DESCRIPTION OF THE TASK:
Copy exactly the stretch of data below from the line with "English UK flag" through the line with "Friday The 13th", including both of those lines.

DATA SHOWN:
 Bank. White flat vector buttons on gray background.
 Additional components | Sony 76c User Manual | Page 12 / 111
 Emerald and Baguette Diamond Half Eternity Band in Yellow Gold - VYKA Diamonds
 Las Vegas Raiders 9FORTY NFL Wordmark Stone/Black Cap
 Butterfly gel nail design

...

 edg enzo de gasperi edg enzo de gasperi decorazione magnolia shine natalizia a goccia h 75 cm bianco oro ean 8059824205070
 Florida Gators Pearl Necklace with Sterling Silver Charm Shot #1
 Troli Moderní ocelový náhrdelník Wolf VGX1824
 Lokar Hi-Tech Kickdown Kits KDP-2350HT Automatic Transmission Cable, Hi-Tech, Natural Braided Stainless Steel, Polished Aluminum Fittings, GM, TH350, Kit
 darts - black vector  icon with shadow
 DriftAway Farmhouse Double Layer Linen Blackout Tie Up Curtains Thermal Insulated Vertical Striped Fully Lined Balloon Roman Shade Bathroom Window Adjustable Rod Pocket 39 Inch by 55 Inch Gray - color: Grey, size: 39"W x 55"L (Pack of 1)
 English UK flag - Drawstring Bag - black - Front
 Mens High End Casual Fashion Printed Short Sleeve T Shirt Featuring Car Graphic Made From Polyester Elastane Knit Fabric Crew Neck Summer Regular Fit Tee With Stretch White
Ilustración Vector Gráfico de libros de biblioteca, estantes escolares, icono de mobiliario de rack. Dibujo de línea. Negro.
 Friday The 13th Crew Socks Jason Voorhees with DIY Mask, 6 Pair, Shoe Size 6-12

ANSWER AREA:
 English UK flag - Drawstring Bag - black - Front
 Mens High End Casual Fashion Printed Short Sleeve T Shirt Featuring Car Graphic Made From Polyester Elastane Knit Fabric Crew Neck Summer Regular Fit Tee With Stretch White
Ilustración Vector Gráfico de libros de biblioteca, estantes escolares, icono de mobiliario de rack. Dibujo de línea. Negro.
 Friday The 13th Crew Socks Jason Voorhees with DIY Mask, 6 Pair, Shoe Size 6-12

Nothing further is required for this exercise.